During bacterial infection, the host faces a unique set of challenges and relies on efficient TLR signaling to counter the pathogens. However, despite the expanding knowledge of TLR signaling, the innate immune axes regulated by TLRs are not well understood, particularly in fish. TLR22 is an important PRR in non-mammalian aquatic vertebrates, including fish, but its role in immunity remains obscure. Studies have highlighted its contradictory role in fish innate immune system. Some report suggest it triggers inflammatory response (51) whereas other report suggest it acts as an equalizer to suppress excessive inflammation (52). This study highlights the role of TLR22 signaling in mounting mitochondria-mediated innate immune responses in A. hydrophila pathogenesis in fish.

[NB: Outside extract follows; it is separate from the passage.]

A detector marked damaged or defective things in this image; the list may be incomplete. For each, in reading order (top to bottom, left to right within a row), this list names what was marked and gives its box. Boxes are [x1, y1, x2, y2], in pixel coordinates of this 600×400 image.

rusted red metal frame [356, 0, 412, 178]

Recent pieces of evidence have highlighted mitochondria as a central hub in the innate immune signaling pathway (53). Nonetheless, reports concerning its involvement in fish innate immunity are lacking. Mitochondria are major sites for ROS production and our previous studies suggested that A. hydrophila induces mtROS production in HKM with pro-apoptotic implications (36). We also reported the pro-apoptotic role of TLR22 in A. hydrophila pathogenesis (16), but the possibility that TLR22 signaling regulates mtROS generation has remained unexplored. Towards that end, we observed a significant reduction in mtROS levels in A. hydrophila-infected HKM in the absence of TLR22 signaling. This finding for the first time established the role of TLR22 in modulating mtROS production thereby impacting bacterial pathogenesis. Previous studies have documented TLR-dependency of mtROS production consequent to microbial infections (5). With the consensus of previous reports, and our own observations we conclude that the ability to trigger mtROS following pathogenic insult is conserved among the members of the TLR superfamily.

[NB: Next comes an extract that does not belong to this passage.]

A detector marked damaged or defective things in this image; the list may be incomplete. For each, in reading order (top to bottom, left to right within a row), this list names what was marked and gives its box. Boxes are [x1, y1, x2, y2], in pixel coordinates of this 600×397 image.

The protective role of mtROS in antimicrobial immune defense is well established in mammals (5, 54). We observed an inverse correlation between mtROS levels and intracellular A. hydrophila load and inhibiting mtROS generation increased the bacterial load demonstrating the antimicrobial role of mtROS in fish. To the best of our knowledge, this is the first report on the role of mtROS as a microbicidal factor in fish. Our results are in accord with several previous reports in mammals (5, 54) thereby implicating this event as an evolutionarily conserved innate immune trait. We suggest that TLR22-induced mtROS triggers HKM apoptosis thereby aiding in the removal of infected cells along with pathogens.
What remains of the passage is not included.